Que ideias os empresários estavam trocando? Não interessa: eles têm o direito, garantido pela Constituição Federal, de expressar suas opiniões pessoais. Mais ainda, estavam dando essas opiniões dentro de um grupo fechado de correspondência, cuja privacidade foi violada; o teor do que se dizia ali acabou publicado na imprensa. Como diz a respeito o ex-ministro Marco Aurélio Mello: “Não há crime de opinião no Brasil”. Mas Moraes e o STF desrespeitam grosseiramente este princípio — o caso dos “empresários golpistas”, na verdade, é apenas a última demonstração de sua longa e repetida insistência em rasgar a lei, nesse e em outros assuntos.
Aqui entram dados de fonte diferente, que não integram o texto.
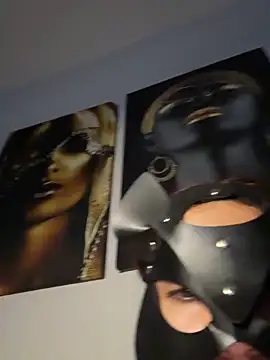 Teengirlmiaa online show from December 2025 08:52:01 PM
Moraes mandou a polícia invadir às 6 horas da manhã os escritórios e as residências dos empresários sem ao menos avisar o Ministério Público — a única autoridade, no Brasil, que tem direito a fazer denúncias criminais e solicitar à justiça que elas sejam examinadas. Mas Moraes, há três anos, ignora o MP de maneira sistemática e truculenta; nesse caso, só mandou um comunicado aos procuradores depois de iniciada aa operação. É pior ainda. O MP, a quem cabe a exclusividade da acusação, é contra essa investigação dos “empresários golpistas”, por não ver nenhum cabimento nisso — não há qualquer prova, nem indício, de atividade ilegal por parte do grupo.
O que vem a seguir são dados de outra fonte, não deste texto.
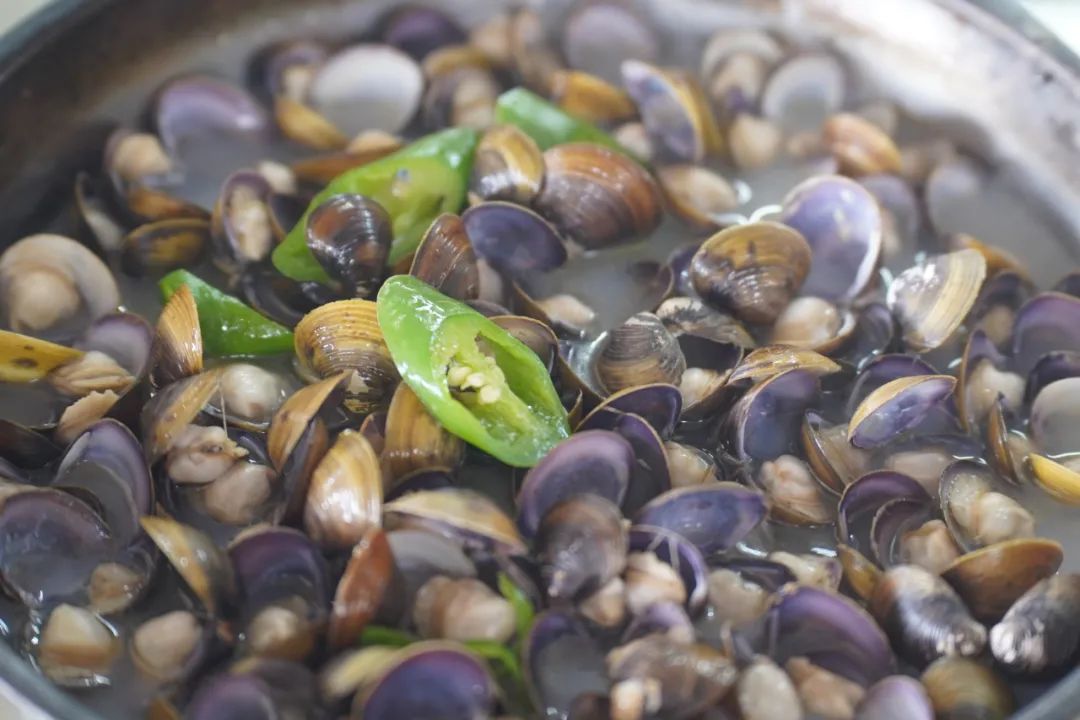  p>石板沙黄沙蚬烹饪技艺,广东省江门市新会区的地方传统技艺,广东省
É contra, aliás, outras investigações do ministro e já pediu formalmente que sejam arquivadas. Não adianta nada. Ele passa por cima dos pedidos ou, então, abre investigações novas, e igualmente ilegais, sobre o mesmo assunto. Moraes, por lei, não pode tocar inquérito policial nenhum. Faz isso o tempo todo.

Os empresários também não poderiam, segundo diz a lei, ter a sua conduta sob a apreciação de STF; só são julgadas ali, quando é o caso, pessoas que têm foro privilegiado, como o presidente da República, ministros de Estado e outras altas figuras. É óbvio, até para um advogado de porta de cadeia, que nenhum deles é nada disso, e caso tivessem feito alguma errada (o que o MP acha que não fizeram) teriam de responder a um juizado de primeira instância. Mas e daí? A própria justiça, através do STJ, já decidiu, em outro aspecto da questão toda, que transcrições escritas de conversas no WhatsApp não são prova de coisa nenhuma. Moraes passou por cima disso também — prova é o que ele acha que é prova. Fim de conversa.

Está tudo errado, em suma, neste caso dos “empresários golpistas”. Na justiça de republiqueta africana que o STF criou no Brasil, entretanto, o que se está fazendo aí é “a defesa da democracia”.